▶ _What this task involves_
Reproduce each entry exactly, so that everything except the pictures is carried over.
- - - -
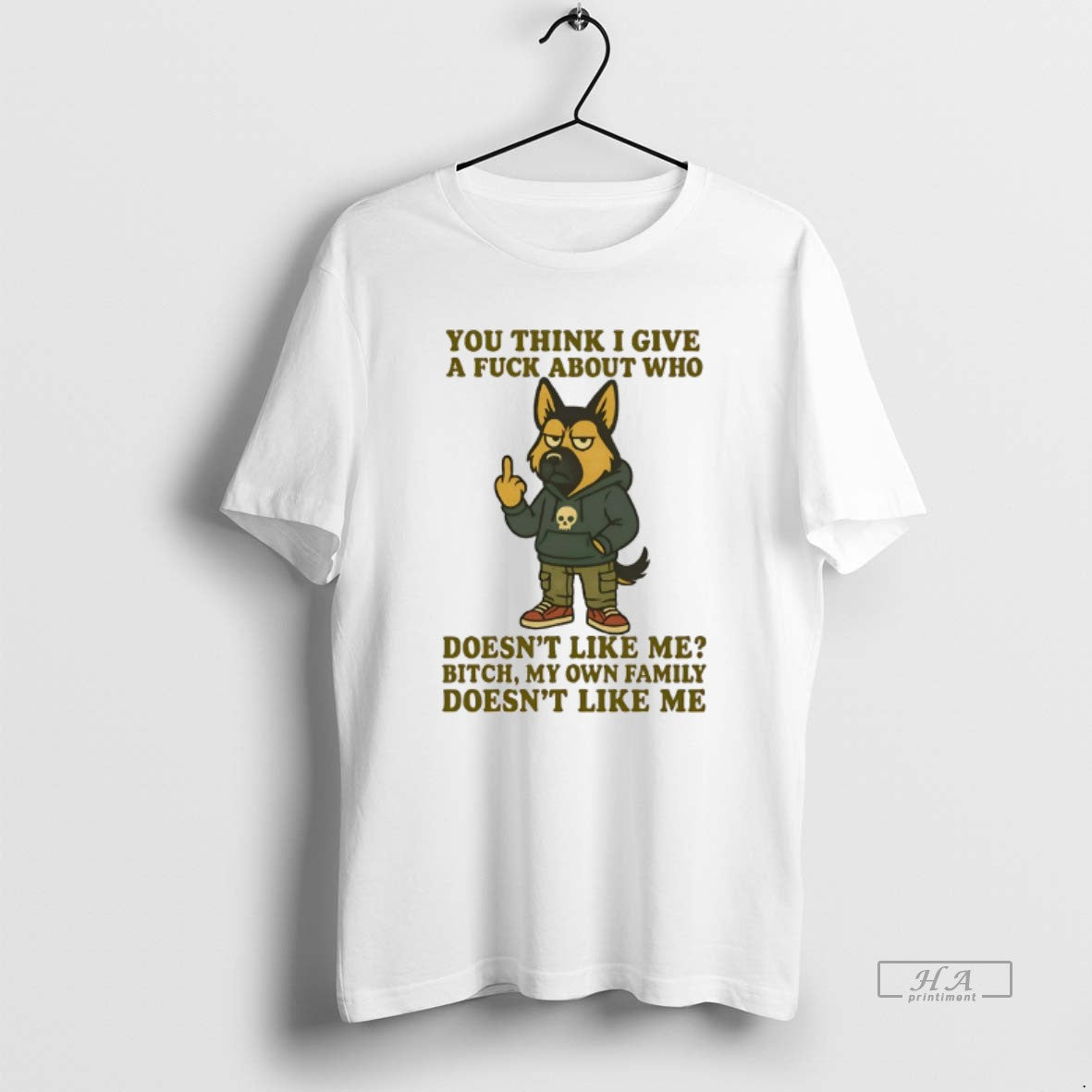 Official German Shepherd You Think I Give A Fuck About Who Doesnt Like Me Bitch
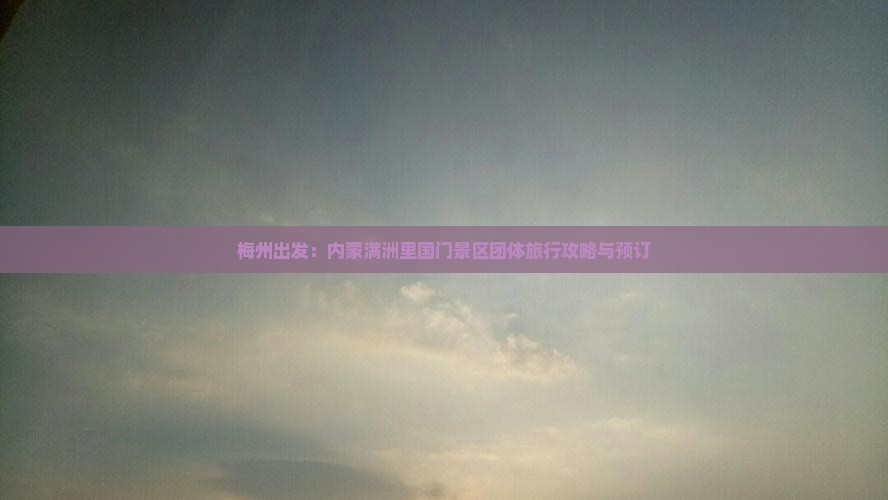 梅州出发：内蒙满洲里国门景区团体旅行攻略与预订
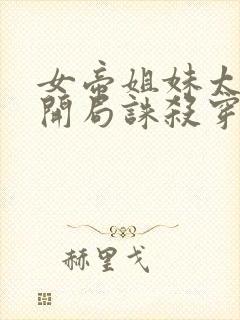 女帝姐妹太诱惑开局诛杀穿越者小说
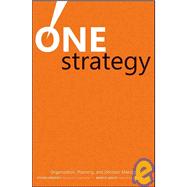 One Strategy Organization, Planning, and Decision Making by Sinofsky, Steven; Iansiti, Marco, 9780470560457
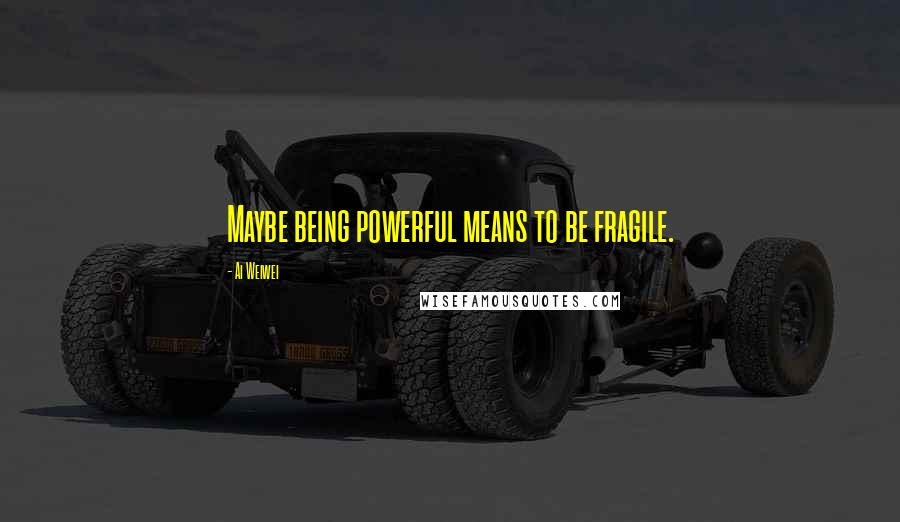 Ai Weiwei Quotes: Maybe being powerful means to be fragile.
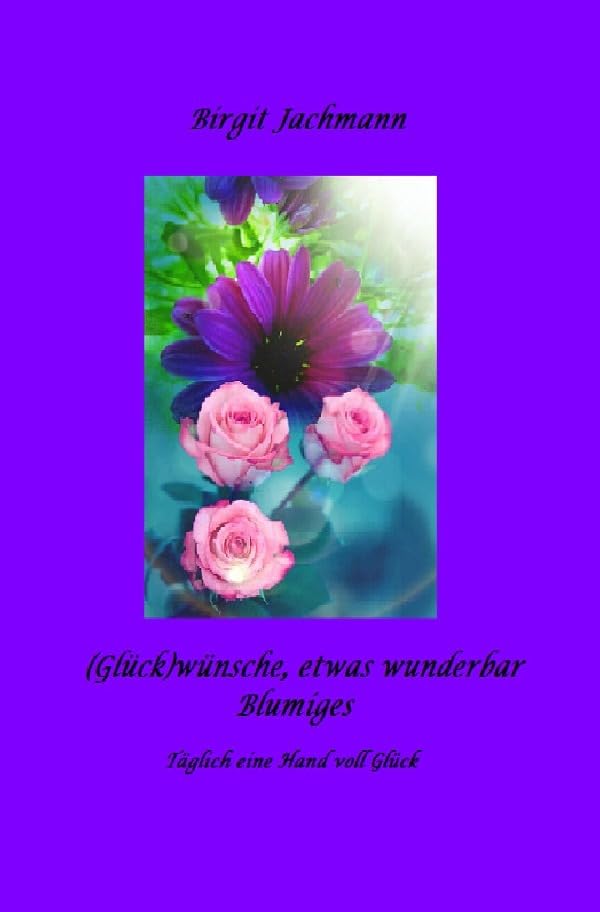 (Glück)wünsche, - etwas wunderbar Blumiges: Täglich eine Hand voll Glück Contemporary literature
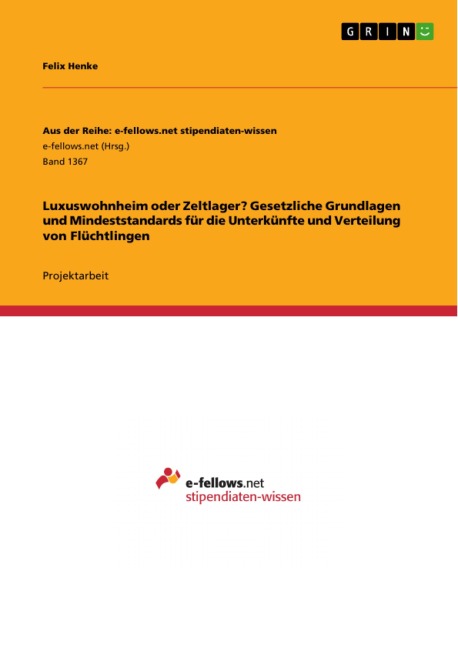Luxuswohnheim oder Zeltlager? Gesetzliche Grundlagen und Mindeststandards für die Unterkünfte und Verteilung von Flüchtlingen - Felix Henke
- - - -
▶ _Task solution_
 Official German Shepherd You Think I Give A Fuck About Who Doesnt Like Me Bitch
 梅州出发：内蒙满洲里国门景区团体旅行攻略与预订
 女帝姐妹太诱惑开局诛杀穿越者小说
 One Strategy Organization, Planning, and Decision Making by Sinofsky, Steven; Iansiti, Marco, 9780470560457
 Ai Weiwei Quotes: Maybe being powerful means to be fragile.
 (Glück)wünsche, - etwas wunderbar Blumiges: Täglich eine Hand voll Glück Contemporary literature
Luxuswohnheim oder Zeltlager? Gesetzliche Grundlagen und Mindeststandards für die Unterkünfte und Verteilung von Flüchtlingen - Felix Henke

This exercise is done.